“I can hear the marching band
Doing the best they can to play
Smoke on the Water
And Joy to the World”
– James McMurtry, “Levelland”
If you’re a fan of classic rock music and you’ve been listening for any length of time, you probably recognize all the songs the instant they start playing on the radio.
Name that tune
You might pride yourself for being able to guess the tune after only a few notes. However, you may annoy your teenagers by singing the first couple of lines prematurely to showcase this knowledge, which although impressive to you, means nothing outside of long-gone game shows and Trivial Pursuit. It’s not like you have to memorize an endless stockpile of songs to excel at this feat. Obviously, classic rock radio stations pull from the same sparse reservoir of songs and spoon feed them to the listeners.
Don’t start boasting just yet about your song recognition aptitude.
Out of your element
What would happen if you heard some of these same songs out of context, packaged differently than they were originally intended to be heard? You might not be so quick to name that tune. It would nag at you, this audio déjà vu, as you tried to recognize the song and reorder it into its proper place in your world.
It would be like running into your teacher at the grocery store. You know in the back of your mind, your teacher shops for groceries. However, seeing her out of her element and out of your familiar frame of reference would throw things out of kilter until your brain was able to process it.

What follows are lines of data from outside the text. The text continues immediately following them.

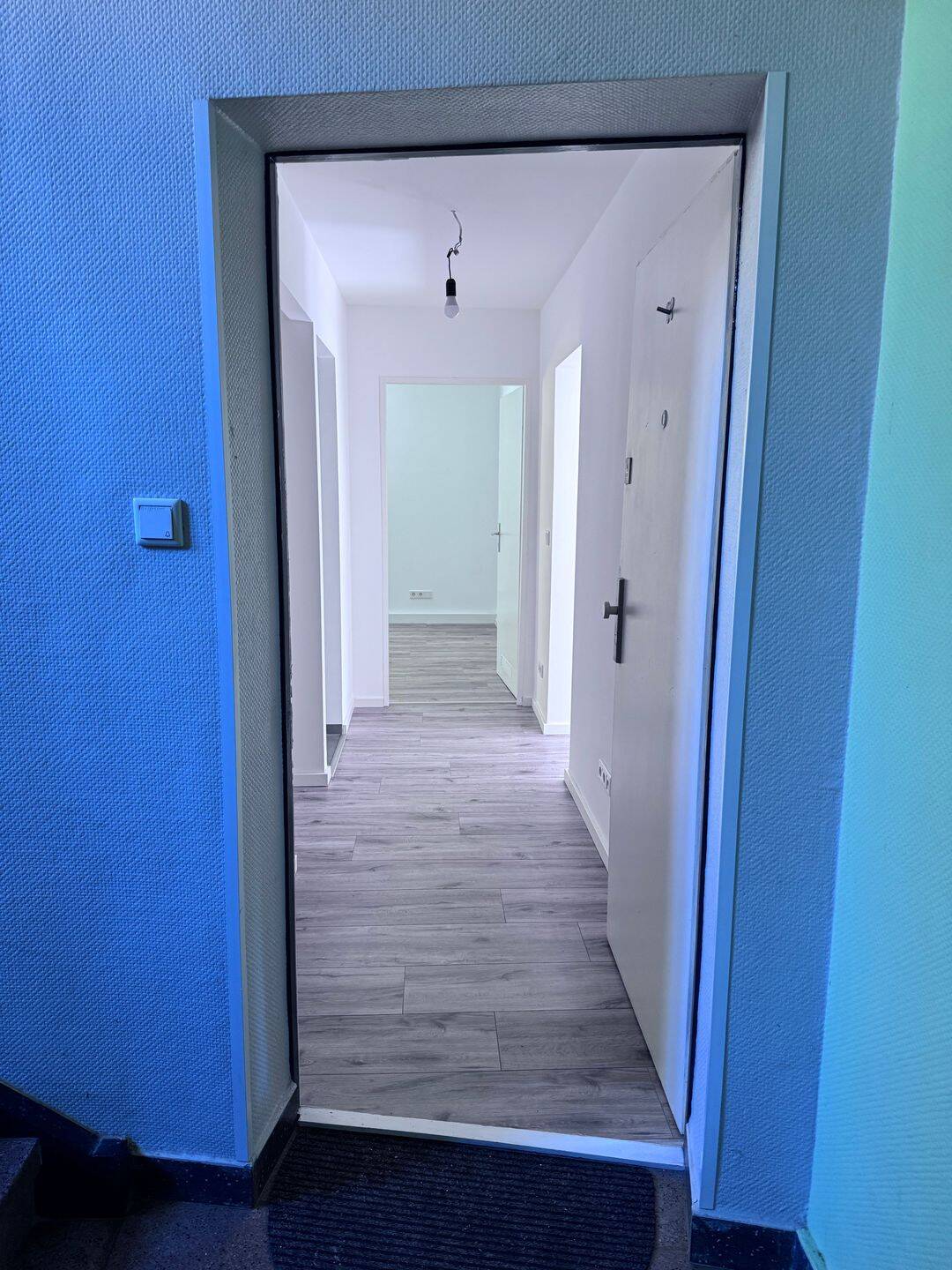 3-Zimmer-Wohnung mit Balkon und großem Gemeinschaftsgarten in Frankfurt-Eckenheim, 60435 Frankfurt am Main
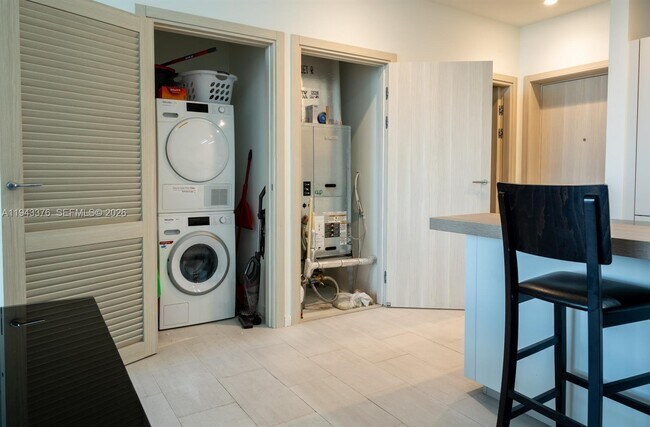 Building Photo - 1000 Brickell Plaza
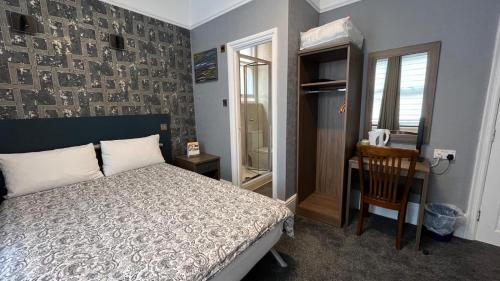 Charlotte Guest House - image 3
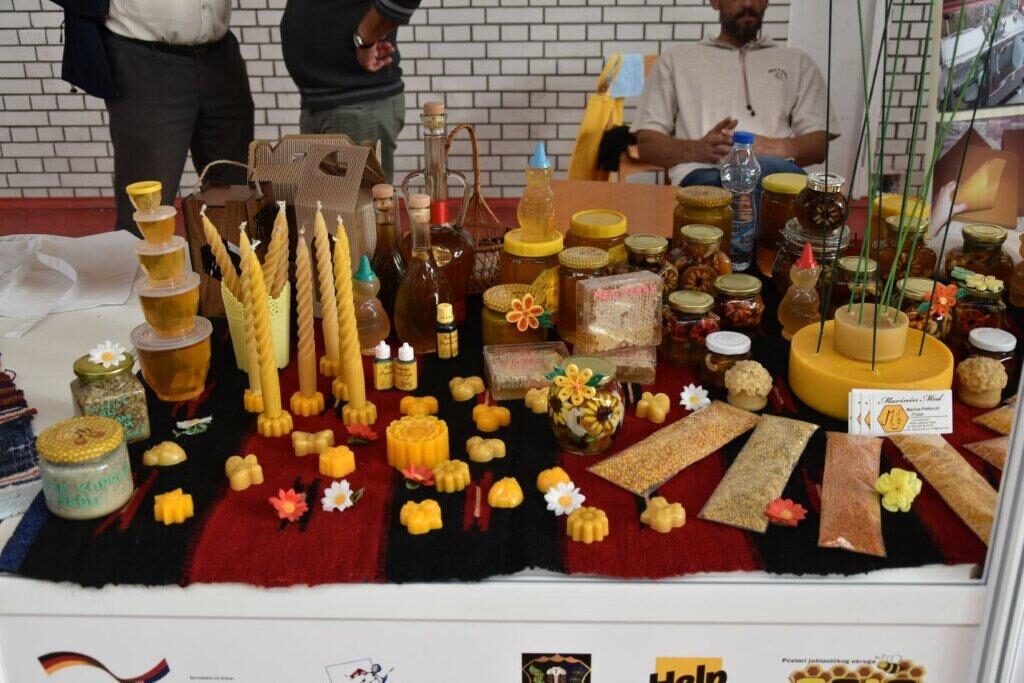 Ilustracija: Sa Festivala meda u Medveđi, foto: Opština Medveđa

If you’ve been to a high school or college football game lately, you might have had a similar reaction when the marching band began playing a song that was almost recognizable.
The song does not remain the same
Maybe the song was vaguely familiar, but you couldn’t immediately identify it out of its element and away from the comfort zone of your radio. It was jarring at first, but once you relaxed and your brain shuffled the song into its rightful place, you probably felt a little nostalgic at first and even appreciated the tune a little more as you listened to it in its alien incarnation.

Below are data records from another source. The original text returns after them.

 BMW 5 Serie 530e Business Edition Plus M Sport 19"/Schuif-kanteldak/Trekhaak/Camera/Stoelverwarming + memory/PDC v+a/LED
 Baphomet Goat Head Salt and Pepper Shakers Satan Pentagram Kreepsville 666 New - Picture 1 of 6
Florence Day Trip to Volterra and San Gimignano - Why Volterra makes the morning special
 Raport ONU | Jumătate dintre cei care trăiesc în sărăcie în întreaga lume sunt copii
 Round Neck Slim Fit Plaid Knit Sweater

Here are eleven classic rock songs you might encounter in the little known, underappreciated fringe genre of “marching band” along with the song in its original form for comparison. Take a listen and maybe next time the marching band begins to play, you will be more prepared for the musical juxtaposition.
- Crazy Train – Ozzy Osbourne
Click here to listen to “Crazy Train” performed by the Graham Kapowsin High School marching band.
- Joy to the World – Three Dog Night
Click here to listen to “Joy to the World” performed by the Peninsula High School marching band.
- Smoke on the Water – Deep Purple
Click here to listen to “Smoke on the Water” performed by the Tenino High School marching band.
- Paradise City – Guns N’ Roses
Click here to listen to “Paradise City” performed by the Edison High School Wildcat marching band.
- Pinball Wizard – The Who
Click here to listen to “Pinball Wizard” performed by an unidentified marching band.
- Heartbreaker – Pat Benatar
Click here to listen to “Heartbreaker” performed by an unidentified marching band.
- Radar Love – Golden Earring
Click here to listen to “Radar Love” performed by the Baltimore Ravens marching band.
- You Shook Me All Night Long – AC/DC
Click here to listen to “You Shook Me All Night Long” performed by the Michigan marching band.
- In the Flesh – Pink Floyd
Click here to listen to “In the Flesh” performed by an unidentified marching band.
- 25 or 6 to 4 – Chicago
Click here to listen to “25 or 6 to 4” performed by the Granville, Ohio High School marching band.
- Stairway to Heaven – Led Zeppelin
Click here to listen to “Stairway to Heaven” performed by the Hampshire Youth Band.
Don’t let anyone tell you classic rock songs aren’t hip enough for the younger generations.
Grab your teenagers and take them to a high school or college football game. Watch the game but listen to the music. It might be one of the few times you share a musical bond with your teenagers. Just don’t tell them if you want it to last.